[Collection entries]

• • • • • • •

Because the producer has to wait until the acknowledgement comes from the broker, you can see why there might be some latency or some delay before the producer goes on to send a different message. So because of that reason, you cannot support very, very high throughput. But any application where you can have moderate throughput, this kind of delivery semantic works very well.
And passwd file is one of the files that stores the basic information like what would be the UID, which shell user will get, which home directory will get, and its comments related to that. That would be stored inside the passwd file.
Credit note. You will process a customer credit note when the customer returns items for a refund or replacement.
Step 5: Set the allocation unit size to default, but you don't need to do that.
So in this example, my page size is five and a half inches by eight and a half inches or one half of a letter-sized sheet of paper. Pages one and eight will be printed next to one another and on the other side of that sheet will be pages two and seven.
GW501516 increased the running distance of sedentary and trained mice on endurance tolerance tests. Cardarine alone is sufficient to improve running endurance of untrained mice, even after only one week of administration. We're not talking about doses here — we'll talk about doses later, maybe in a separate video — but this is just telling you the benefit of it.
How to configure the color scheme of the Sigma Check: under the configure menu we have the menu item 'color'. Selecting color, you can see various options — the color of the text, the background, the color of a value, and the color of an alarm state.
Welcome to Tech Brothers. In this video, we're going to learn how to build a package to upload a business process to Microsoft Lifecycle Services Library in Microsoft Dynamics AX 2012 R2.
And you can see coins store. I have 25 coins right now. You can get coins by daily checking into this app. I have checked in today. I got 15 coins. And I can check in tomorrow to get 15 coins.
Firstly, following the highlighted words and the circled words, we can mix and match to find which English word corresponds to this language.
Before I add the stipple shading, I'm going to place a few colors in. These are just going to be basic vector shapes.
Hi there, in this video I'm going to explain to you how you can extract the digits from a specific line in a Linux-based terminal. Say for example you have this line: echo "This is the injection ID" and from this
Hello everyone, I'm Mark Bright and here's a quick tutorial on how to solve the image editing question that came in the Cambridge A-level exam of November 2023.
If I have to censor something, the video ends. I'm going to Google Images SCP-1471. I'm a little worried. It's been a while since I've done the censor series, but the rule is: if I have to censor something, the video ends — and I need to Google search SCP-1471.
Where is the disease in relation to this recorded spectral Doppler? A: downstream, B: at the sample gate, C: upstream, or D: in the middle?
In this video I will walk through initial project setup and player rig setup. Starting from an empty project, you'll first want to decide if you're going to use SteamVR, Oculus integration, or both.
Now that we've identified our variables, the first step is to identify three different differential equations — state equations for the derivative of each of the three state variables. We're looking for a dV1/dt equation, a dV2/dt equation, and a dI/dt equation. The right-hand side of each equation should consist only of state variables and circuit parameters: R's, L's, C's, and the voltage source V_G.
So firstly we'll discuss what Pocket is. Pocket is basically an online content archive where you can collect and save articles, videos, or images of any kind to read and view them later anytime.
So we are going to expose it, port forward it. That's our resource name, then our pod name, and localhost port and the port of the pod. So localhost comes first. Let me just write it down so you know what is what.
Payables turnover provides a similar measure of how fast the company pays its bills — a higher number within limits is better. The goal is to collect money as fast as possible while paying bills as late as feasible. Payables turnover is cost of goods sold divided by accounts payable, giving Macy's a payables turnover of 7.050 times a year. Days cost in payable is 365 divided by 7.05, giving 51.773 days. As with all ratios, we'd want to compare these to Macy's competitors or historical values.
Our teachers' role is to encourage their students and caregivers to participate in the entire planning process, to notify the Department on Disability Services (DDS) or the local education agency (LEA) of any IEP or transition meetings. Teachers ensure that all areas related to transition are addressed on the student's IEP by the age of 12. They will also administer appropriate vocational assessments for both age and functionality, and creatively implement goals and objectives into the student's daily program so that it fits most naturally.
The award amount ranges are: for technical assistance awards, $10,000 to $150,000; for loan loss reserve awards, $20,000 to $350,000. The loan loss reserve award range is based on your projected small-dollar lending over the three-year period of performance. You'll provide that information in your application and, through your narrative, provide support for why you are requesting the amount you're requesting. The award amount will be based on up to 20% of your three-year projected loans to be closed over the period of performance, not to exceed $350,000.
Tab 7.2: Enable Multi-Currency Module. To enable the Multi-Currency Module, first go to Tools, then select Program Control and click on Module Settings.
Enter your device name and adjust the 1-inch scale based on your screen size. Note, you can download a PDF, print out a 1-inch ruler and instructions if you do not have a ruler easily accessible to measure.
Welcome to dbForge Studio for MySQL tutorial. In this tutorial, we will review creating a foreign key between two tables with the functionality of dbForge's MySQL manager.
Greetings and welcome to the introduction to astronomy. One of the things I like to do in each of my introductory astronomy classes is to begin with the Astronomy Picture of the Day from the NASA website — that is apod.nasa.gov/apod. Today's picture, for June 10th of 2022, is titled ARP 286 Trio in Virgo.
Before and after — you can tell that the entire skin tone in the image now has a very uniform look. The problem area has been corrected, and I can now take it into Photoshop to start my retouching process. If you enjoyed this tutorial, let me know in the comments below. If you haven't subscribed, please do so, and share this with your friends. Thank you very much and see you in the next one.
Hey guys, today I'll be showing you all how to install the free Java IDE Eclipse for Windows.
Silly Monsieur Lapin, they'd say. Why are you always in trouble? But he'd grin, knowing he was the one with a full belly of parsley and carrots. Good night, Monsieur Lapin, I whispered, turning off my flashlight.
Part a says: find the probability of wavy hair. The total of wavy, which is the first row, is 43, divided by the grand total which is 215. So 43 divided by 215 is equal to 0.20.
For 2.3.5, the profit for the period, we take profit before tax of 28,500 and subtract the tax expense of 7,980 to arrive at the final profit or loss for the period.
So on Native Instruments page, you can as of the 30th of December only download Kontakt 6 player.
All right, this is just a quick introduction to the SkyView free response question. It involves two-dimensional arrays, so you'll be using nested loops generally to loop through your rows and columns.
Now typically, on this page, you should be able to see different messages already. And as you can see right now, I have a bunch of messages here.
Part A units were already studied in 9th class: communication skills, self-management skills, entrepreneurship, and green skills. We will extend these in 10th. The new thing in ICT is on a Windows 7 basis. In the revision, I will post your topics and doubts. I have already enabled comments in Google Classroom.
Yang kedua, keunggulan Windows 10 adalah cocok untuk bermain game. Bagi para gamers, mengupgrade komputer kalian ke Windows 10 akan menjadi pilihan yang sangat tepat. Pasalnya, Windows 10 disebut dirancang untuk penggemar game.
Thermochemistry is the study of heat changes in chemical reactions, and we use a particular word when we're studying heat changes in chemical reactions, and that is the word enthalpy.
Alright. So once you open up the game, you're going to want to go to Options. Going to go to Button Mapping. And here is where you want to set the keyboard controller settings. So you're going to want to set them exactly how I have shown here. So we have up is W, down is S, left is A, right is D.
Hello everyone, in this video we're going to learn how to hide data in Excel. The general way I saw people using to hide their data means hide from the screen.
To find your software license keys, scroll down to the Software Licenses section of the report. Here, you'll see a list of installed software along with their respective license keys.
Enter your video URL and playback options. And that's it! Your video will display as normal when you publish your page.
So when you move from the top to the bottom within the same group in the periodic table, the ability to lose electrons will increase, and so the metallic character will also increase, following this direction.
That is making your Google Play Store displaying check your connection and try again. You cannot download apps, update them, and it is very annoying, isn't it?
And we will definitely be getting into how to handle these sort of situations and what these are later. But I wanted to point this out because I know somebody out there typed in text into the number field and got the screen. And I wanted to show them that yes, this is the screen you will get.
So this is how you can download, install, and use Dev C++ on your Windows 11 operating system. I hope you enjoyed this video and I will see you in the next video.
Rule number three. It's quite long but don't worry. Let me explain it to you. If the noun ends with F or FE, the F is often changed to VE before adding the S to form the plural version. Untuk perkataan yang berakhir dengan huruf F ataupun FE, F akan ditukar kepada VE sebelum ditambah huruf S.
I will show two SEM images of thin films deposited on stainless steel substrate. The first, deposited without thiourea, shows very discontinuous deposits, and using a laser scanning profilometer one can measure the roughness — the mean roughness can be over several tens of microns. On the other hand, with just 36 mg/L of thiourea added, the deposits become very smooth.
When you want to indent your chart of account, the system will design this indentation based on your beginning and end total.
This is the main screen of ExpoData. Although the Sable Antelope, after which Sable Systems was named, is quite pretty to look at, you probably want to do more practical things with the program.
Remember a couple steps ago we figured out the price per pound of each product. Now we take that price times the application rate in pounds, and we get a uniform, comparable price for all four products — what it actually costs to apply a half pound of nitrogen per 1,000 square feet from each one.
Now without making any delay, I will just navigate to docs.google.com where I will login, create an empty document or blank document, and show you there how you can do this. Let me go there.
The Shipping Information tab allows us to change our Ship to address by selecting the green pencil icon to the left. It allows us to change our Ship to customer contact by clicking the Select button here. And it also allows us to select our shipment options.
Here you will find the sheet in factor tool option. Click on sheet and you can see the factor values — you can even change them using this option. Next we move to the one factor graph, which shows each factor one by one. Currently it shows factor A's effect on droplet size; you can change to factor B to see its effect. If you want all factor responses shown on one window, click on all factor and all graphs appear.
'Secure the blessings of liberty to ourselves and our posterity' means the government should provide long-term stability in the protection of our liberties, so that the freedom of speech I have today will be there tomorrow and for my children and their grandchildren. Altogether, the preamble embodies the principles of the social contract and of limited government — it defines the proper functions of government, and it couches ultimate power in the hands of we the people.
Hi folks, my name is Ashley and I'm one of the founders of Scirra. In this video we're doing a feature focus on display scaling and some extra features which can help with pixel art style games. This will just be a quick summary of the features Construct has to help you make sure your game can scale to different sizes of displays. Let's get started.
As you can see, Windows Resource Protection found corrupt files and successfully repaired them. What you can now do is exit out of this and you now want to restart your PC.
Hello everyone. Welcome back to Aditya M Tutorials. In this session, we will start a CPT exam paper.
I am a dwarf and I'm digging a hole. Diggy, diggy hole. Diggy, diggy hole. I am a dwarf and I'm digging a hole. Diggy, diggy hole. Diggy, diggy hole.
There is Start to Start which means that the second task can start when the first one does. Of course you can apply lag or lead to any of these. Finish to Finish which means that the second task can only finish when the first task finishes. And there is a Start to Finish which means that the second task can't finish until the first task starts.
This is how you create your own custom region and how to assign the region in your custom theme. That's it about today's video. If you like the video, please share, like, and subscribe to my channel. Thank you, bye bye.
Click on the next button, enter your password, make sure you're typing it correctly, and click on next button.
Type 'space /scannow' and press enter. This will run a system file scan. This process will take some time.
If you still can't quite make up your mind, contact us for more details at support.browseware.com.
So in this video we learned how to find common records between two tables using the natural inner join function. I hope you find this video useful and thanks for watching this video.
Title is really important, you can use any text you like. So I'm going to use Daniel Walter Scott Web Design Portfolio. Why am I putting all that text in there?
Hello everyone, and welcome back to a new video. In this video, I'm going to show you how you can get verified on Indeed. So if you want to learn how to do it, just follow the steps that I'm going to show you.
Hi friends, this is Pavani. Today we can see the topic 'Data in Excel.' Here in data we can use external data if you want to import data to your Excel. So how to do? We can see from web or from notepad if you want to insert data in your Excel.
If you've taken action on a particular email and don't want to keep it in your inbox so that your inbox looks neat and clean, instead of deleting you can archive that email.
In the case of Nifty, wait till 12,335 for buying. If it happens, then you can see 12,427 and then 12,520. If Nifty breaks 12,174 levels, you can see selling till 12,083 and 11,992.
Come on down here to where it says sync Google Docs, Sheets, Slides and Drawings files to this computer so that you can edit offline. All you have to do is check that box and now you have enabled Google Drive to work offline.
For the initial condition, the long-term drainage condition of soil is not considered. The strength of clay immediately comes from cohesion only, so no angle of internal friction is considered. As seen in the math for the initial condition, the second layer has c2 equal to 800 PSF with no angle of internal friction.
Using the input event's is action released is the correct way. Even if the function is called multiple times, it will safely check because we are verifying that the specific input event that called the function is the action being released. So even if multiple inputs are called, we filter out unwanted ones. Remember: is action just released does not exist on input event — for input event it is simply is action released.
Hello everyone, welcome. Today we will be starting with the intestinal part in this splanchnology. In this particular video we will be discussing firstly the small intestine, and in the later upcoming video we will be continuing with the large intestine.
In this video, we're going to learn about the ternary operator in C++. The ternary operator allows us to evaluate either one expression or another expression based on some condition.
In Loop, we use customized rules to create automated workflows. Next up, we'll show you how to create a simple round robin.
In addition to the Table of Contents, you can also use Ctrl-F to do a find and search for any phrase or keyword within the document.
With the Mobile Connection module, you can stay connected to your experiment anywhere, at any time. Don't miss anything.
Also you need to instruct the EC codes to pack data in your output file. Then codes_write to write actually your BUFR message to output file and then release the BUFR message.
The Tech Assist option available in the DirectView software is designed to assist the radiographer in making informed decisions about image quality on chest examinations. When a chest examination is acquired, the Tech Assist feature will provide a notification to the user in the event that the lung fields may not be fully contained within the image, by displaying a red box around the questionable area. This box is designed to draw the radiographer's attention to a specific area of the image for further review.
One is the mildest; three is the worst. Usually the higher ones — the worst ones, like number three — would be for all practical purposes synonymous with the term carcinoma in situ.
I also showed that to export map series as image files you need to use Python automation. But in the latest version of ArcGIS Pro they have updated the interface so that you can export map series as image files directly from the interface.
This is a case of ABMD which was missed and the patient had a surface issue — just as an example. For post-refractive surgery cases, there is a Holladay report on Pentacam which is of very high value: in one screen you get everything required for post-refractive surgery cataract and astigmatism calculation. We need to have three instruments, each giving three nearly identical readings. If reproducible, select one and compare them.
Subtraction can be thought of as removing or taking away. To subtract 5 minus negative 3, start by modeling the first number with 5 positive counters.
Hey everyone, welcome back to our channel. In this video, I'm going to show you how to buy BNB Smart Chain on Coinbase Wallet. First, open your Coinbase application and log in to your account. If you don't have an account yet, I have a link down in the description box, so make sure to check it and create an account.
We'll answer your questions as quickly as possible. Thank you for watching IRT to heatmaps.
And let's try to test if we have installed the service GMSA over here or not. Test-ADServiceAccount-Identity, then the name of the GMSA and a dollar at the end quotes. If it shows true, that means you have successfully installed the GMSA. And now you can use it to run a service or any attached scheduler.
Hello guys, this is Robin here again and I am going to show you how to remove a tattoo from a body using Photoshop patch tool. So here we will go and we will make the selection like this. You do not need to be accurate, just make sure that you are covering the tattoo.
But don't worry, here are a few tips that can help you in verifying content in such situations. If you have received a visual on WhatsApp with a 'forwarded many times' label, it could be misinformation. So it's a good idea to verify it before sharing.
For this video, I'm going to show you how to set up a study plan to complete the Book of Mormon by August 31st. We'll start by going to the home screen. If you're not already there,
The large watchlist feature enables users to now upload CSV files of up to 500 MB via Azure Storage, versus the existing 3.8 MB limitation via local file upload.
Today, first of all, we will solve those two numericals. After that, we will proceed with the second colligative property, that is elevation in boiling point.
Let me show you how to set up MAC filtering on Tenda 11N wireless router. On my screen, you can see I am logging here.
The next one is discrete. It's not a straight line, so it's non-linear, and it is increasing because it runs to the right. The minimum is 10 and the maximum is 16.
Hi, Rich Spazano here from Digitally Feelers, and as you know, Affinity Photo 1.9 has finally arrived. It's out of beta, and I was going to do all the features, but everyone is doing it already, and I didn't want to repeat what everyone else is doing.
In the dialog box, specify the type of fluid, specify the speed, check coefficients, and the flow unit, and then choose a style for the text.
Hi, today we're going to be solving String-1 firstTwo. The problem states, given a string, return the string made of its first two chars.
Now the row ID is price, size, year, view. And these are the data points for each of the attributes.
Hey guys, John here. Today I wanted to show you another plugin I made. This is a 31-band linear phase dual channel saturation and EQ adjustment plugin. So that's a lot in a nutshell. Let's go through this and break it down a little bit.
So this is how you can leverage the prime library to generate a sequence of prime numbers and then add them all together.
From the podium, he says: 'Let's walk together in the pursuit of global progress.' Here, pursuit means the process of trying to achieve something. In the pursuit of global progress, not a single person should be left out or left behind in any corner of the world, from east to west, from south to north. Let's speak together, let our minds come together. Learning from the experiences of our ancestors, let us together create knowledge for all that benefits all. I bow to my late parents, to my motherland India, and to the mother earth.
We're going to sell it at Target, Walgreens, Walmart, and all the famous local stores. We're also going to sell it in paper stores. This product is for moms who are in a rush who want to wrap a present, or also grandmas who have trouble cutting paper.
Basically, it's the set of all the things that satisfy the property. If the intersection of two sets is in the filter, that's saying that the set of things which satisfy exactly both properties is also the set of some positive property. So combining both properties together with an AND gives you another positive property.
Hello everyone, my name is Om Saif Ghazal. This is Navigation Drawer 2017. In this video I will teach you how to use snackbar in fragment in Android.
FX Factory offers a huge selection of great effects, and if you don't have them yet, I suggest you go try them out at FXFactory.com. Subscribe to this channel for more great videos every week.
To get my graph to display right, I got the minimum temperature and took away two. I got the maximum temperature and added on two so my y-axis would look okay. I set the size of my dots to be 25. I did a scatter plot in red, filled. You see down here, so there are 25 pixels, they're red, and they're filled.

• • • • • • •

Instructions to follow: Would you copy, unchanged, the stretch of the records above that begins at the line containing "One is the mildest;" and ends at the line containing "I also showed", and only that?

Exercise response:
One is the mildest; three is the worst. Usually the higher ones — the worst ones, like number three — would be for all practical purposes synonymous with the term carcinoma in situ.
I also showed that to export map series as image files you need to use Python automation. But in the latest version of ArcGIS Pro they have updated the interface so that you can export map series as image files directly from the interface.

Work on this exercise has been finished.